_Work task_:
In the records below, find the line with "Nowadays most customers" and repeat exactly every line from it through the line with "Okay, this will". Pictures stay out.

_The data_:
•••••
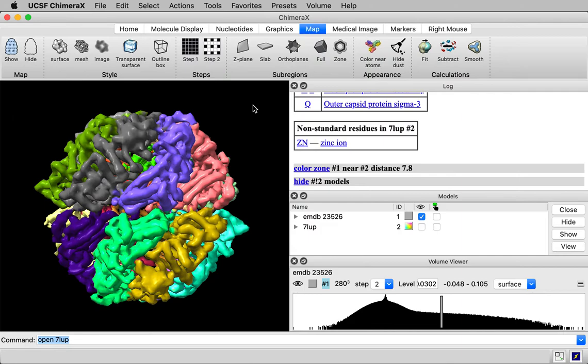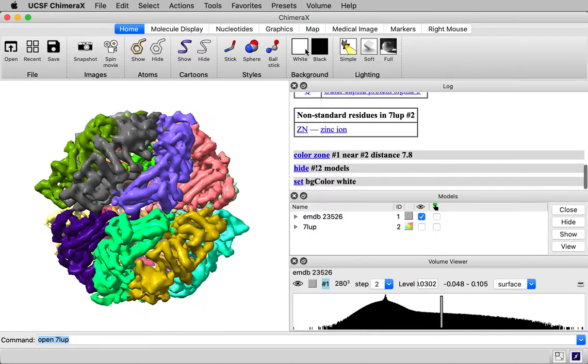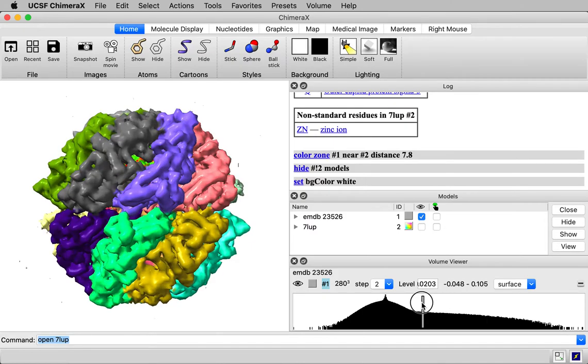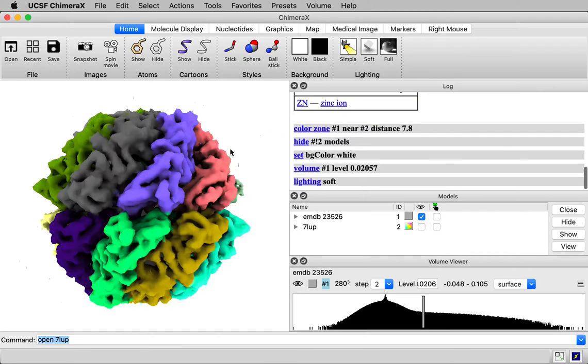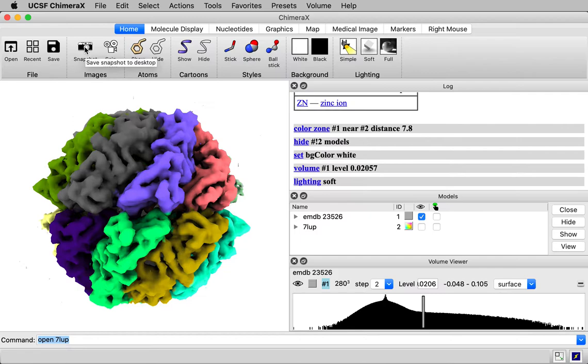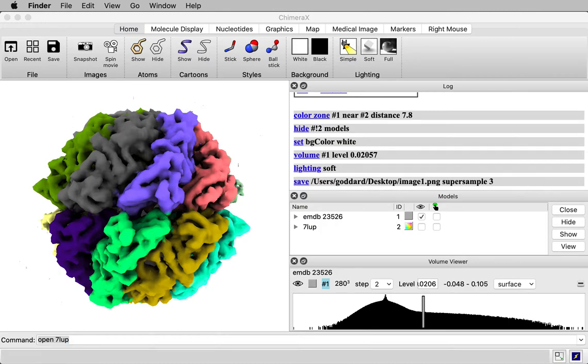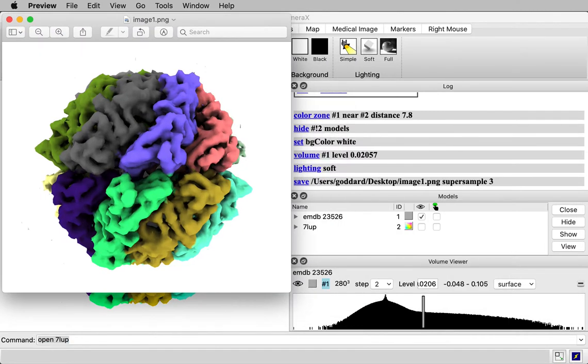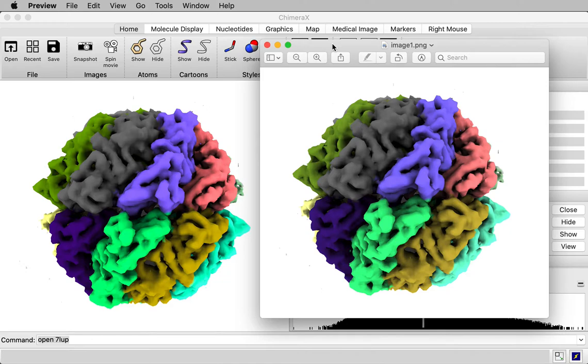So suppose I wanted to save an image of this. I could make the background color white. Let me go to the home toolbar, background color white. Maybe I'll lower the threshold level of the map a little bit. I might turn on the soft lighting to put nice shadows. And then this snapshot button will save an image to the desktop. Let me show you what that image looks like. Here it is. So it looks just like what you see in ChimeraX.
•••••
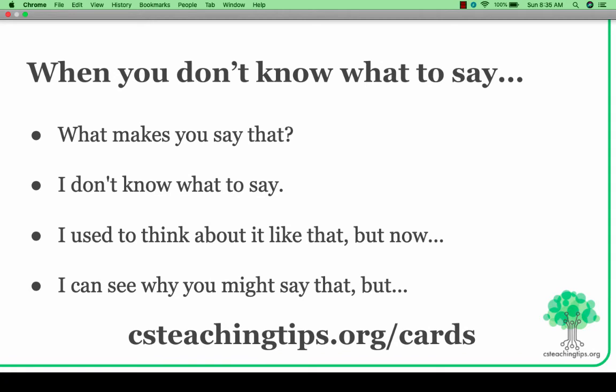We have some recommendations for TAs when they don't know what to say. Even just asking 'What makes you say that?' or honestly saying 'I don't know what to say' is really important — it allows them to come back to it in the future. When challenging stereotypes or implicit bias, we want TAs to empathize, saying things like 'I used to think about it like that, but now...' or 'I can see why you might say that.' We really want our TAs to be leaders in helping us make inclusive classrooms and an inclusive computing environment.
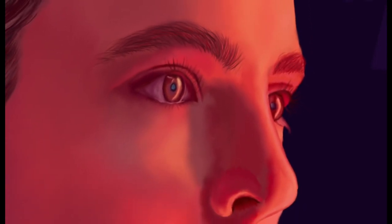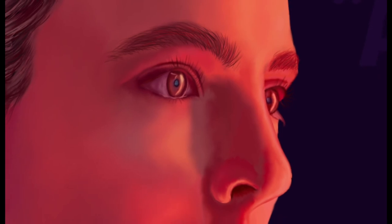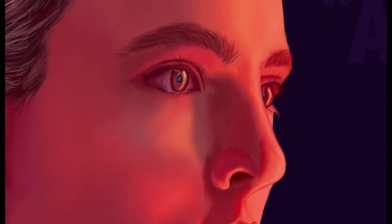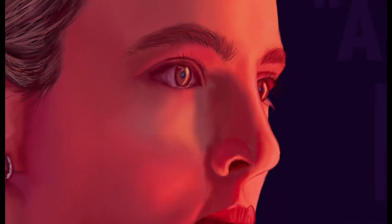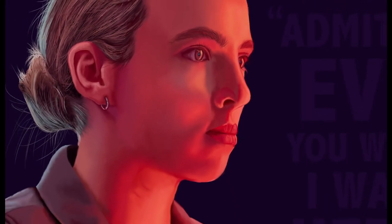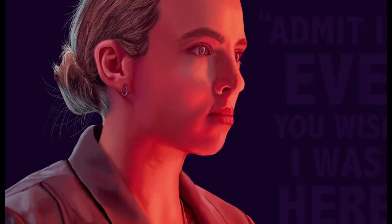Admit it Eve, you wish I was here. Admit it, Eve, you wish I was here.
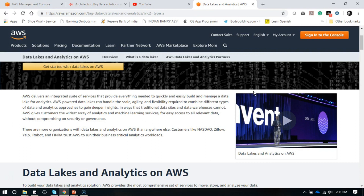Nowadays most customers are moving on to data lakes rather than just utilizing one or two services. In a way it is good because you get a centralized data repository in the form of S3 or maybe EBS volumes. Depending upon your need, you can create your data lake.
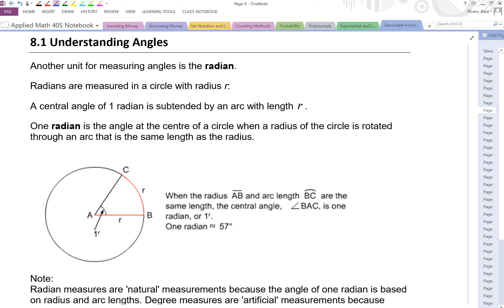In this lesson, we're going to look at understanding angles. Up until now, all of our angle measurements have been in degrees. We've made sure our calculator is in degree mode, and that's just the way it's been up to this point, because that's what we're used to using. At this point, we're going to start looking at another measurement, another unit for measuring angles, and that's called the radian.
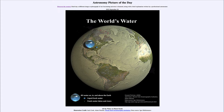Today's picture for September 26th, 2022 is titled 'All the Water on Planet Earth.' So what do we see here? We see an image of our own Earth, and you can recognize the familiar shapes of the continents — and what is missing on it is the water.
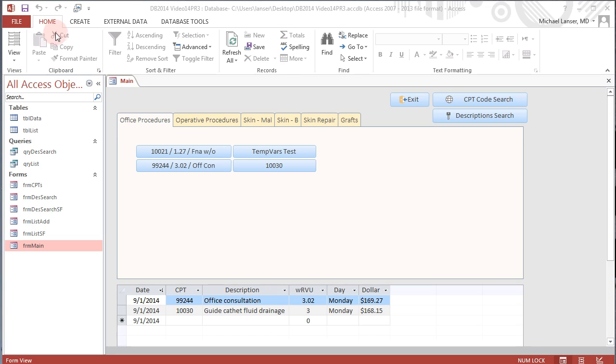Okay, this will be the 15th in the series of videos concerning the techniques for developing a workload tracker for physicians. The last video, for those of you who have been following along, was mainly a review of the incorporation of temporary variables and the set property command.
•••••
_Result below_:
Nowadays most customers are moving on to data lakes rather than just utilizing one or two services. In a way it is good because you get a centralized data repository in the form of S3 or maybe EBS volumes. Depending upon your need, you can create your data lake.
In this lesson, we're going to look at understanding angles. Up until now, all of our angle measurements have been in degrees. We've made sure our calculator is in degree mode, and that's just the way it's been up to this point, because that's what we're used to using. At this point, we're going to start looking at another measurement, another unit for measuring angles, and that's called the radian.
Today's picture for September 26th, 2022 is titled 'All the Water on Planet Earth.' So what do we see here? We see an image of our own Earth, and you can recognize the familiar shapes of the continents — and what is missing on it is the water.
Okay, this will be the 15th in the series of videos concerning the techniques for developing a workload tracker for physicians. The last video, for those of you who have been following along, was mainly a review of the incorporation of temporary variables and the set property command.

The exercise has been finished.